──────── DATA FOR PROCESSING

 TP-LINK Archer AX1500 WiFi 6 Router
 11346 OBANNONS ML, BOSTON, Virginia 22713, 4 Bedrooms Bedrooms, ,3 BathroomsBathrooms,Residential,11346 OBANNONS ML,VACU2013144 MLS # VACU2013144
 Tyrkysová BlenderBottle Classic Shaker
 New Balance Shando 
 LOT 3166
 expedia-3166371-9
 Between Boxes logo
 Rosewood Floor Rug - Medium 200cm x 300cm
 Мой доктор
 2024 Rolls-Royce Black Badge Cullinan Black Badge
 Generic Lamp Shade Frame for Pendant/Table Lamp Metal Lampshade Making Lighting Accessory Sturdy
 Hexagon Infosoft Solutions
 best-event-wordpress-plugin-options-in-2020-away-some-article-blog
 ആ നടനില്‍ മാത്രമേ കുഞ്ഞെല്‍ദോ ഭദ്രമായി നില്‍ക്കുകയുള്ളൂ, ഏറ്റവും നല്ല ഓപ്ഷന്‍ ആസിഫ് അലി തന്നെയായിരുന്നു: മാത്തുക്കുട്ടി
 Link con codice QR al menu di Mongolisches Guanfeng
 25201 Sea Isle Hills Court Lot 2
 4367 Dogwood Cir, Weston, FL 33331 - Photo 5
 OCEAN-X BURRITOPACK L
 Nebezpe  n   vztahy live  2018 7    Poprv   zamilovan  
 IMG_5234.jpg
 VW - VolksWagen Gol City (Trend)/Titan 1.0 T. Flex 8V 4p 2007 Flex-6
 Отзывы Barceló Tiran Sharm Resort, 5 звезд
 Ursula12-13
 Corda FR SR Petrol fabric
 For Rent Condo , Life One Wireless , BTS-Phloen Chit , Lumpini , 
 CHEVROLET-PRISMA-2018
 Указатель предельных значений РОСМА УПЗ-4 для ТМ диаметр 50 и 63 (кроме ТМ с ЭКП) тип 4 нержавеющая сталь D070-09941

────────────────

# WORK ORDER
Set down exactly the lines that begin with the one containing "expedia-3166371-9" and end with the last line above, and no others.

# REPLY
 expedia-3166371-9
 Between Boxes logo
 Rosewood Floor Rug - Medium 200cm x 300cm
 Мой доктор
 2024 Rolls-Royce Black Badge Cullinan Black Badge
 Generic Lamp Shade Frame for Pendant/Table Lamp Metal Lampshade Making Lighting Accessory Sturdy
 Hexagon Infosoft Solutions
 best-event-wordpress-plugin-options-in-2020-away-some-article-blog
 ആ നടനില്‍ മാത്രമേ കുഞ്ഞെല്‍ദോ ഭദ്രമായി നില്‍ക്കുകയുള്ളൂ, ഏറ്റവും നല്ല ഓപ്ഷന്‍ ആസിഫ് അലി തന്നെയായിരുന്നു: മാത്തുക്കുട്ടി
 Link con codice QR al menu di Mongolisches Guanfeng
 25201 Sea Isle Hills Court Lot 2
 4367 Dogwood Cir, Weston, FL 33331 - Photo 5
 OCEAN-X BURRITOPACK L
 Nebezpe  n   vztahy live  2018 7    Poprv   zamilovan  
 IMG_5234.jpg
 VW - VolksWagen Gol City (Trend)/Titan 1.0 T. Flex 8V 4p 2007 Flex-6
 Отзывы Barceló Tiran Sharm Resort, 5 звезд
 Ursula12-13
 Corda FR SR Petrol fabric
 For Rent Condo , Life One Wireless , BTS-Phloen Chit , Lumpini , 
 CHEVROLET-PRISMA-2018
 Указатель предельных значений РОСМА УПЗ-4 для ТМ диаметр 50 и 63 (кроме ТМ с ЭКП) тип 4 нержавеющая сталь D070-09941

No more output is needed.